Responding to a Health Service Journal report on leaked plans around using recruitment and retention premia to attract workers into NHS technology roles, RCN Director of Legal Services & Member Relations Joanne Galbraith-Marten said:

 

“In these plans, the NHS shows it’s prepared to do things differently to attract talent to the NHS. When professions struggle to recruit, it sees salary enhancements as a viable option to solve a workforce issue - in this case for roles that are predominantly filled by men.  

 

“We are already formally seeking a recruitment and retention premia for our profession to address chronic nursing workforce shortages in the NHS. There are tens of thousands of nursing vacancies, staff fleeing for better opportunities abroad and patients suffering.

 

“Our female-dominated profession received the lowest pay award in the public sector last year and this year must be much better to turn things around.
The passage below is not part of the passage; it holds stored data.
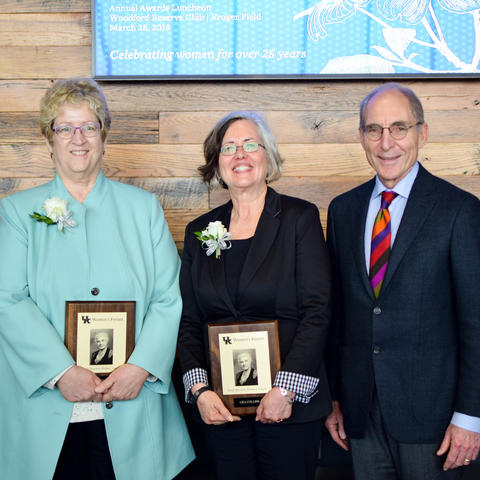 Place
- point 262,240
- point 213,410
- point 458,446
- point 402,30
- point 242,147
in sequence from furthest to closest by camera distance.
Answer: point 402,30, point 242,147, point 262,240, point 213,410, point 458,446

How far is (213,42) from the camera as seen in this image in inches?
108

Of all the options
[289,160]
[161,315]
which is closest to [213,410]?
[161,315]

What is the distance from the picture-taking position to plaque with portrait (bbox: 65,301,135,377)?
1877mm

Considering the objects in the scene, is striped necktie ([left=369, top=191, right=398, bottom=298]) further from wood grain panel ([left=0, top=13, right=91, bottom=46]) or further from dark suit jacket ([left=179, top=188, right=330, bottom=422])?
wood grain panel ([left=0, top=13, right=91, bottom=46])

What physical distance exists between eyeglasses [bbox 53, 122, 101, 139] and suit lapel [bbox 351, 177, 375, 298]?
3.27ft

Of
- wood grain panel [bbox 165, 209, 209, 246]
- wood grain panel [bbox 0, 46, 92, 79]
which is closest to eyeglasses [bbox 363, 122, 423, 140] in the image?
wood grain panel [bbox 165, 209, 209, 246]

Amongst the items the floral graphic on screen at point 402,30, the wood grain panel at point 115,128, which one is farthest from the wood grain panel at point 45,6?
the floral graphic on screen at point 402,30

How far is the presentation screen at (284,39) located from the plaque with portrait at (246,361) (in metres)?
1.48

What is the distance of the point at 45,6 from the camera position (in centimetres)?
280

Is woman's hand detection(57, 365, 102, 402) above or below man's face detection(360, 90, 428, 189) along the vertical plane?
below

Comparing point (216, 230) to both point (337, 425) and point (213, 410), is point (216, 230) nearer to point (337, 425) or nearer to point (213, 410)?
point (213, 410)

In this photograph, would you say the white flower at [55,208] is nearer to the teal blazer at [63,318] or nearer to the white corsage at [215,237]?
the teal blazer at [63,318]

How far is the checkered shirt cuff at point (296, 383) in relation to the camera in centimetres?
174

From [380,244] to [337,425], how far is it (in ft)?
2.29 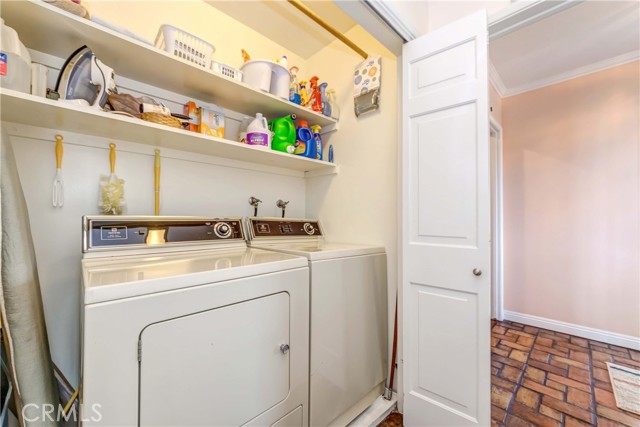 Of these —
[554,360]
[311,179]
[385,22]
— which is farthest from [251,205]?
[554,360]

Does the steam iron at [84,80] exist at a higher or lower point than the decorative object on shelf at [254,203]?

By using this mechanism to respond to the labour market in the male-dominated tech sector, they confirm the ability to do it in our safety-critical profession too. The need for a radical overhaul of nursing pay is just as defensible, if not more.”

 

Ends

 

Notes to Editors

The Health Service journalist report is here: Leaked national tech workforce plan proposes local pay rises | News | Health Service Journal (hsj.co.uk)

 

As part of the RCN’s formal submission to the NHS Pay Review Body, which is tasked with making recommendations to the government on wage rises for this year, the College said the government should make additional payments on top of salaries to prevent nursing staff leaving the NHS and tackle an ever-worsening workforce crisis. The sum, which must come in addition to a ‘substantial’ above-inflation pay rise for NHS workers, should go to nursing professionals across all areas and specialties to encourage them to stay working in the service and attract more nurses into the NHS.

 

The RCN is also calling on the PRB to recommend measures including automatic progression from band 5 to band 6 that is already available to other NHS workers, to create better long-term career prospects for the nursing workforce. Despite being a highly skilled, degree-educated, safety-critical profession, the outdated Agenda for Change (AfC) pay structure means a large proportion of nurses are stuck at Band 5, the lowest pay band for a registered nurse on which they start and end their nursing careers.